4月14日夜9時26分に熊本で発生したM6.5、最大震度7の大地震。益城町を中心に甚大な被害を出した。しかし、悲劇はまだ終わっていなかった。16日未明1時26分に発生したM7.3、最大震度6強が起こったのだ。後に、16日に起こった地震こそが本震であることが報告された。
本震と思われた大きな揺れが、実は前震だった…これは気象庁の担当者が会見で「今までの経験則から外れている」と語った事態だ。今回の地震が今後どんな影響を及ぼすのか。非常に不気味である。

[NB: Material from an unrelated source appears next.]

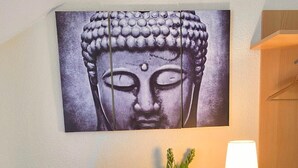 Un salon moderne avec un téléviseur à écran plat, une œuvre d’art représentant un Bouddha accrochée au mur, une petite plante et une lampe de chevet.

元東京大学地震研究所准教授で国立研究開発法人建築研究所特別客員研究員(歴史地震学)の都司嘉宣さんは、
「地震の活発な地域が、中央構造線沿いに“玉突き事故”のように東の方角に延びていく可能性がある」
と指摘する。中央構造線とは、熊本から大分を通り、四国、近畿を横断して長野県の諏訪湖周辺、さらに関東平野へと延びるとされる長い大断層だ。過去にも、この中央構造線沿いに地震が続いたケースがあると都司さんは言う。
「1889(明治22)年にも熊本で大きな地震が相次ぎ、その2年後に大分県別府湾の入り口でM6.3の地震が発生しました。今回も愛媛県と大分県の間にある豊後水道のあたりまで地震活動が拡大し、そこで別の本震が起こる可能性がある。豊後水道の愛媛県側には伊方原子力発電所があるので心配です」(都司さん)
地震はさらに東に延びる可能性もある。1596(慶長元)年に別府湾から愛媛県の松山にかけて大きな地震(慶長伊予地震)が起こり、4日後に近畿地方全体を大地震が襲った(慶長伏見桃山地震)。その被害面積は阪神・淡路大震災の3倍にも及んだという。
「30年以内に70%」の確率で起こると推計されている「南海トラフ地震」への影響も考えられる。
南海トラフとは、フィリピン海プレートがユーラシアプレートに潜り込む部分にある地震発生帯のことで、M9の地震が起きた場合、東京から沖縄にかけ、推定死者は32万人と試算されている。立命館大学歴史都市防災研究所・環太平洋文明研究センター教授の高橋学さんがこう警鐘を鳴らす。
「今回の熊本地震は西日本一帯が乗っているユーラシアプレートが、その下に沈み込もうとするフィリピン海プレートに押されたひずみで生じたもの。中央構造線に沿って東に移動して地震を起こしたり、ひずみに耐えきれなくなったユーラシアプレートが跳ね上がって、南海トラフ地震を引き起こす可能性は充分考えられます。この3年の間にも起きるのではないか」
過去にこんなケースがあった。1611年に東北で大地震(慶長三陸地震)が発生し、津波が三陸地方を襲った。その8年後と14年後に熊本で2つの断層地震が発生。そして1633年、小田原を中心とした関東の都市型直下地震(小田原地震)が発生した。
同様に、今回も東北、熊本、そして関東へと大地震が波及したら…熊本地震はさらなる大災害の不気味な前兆かもしれない。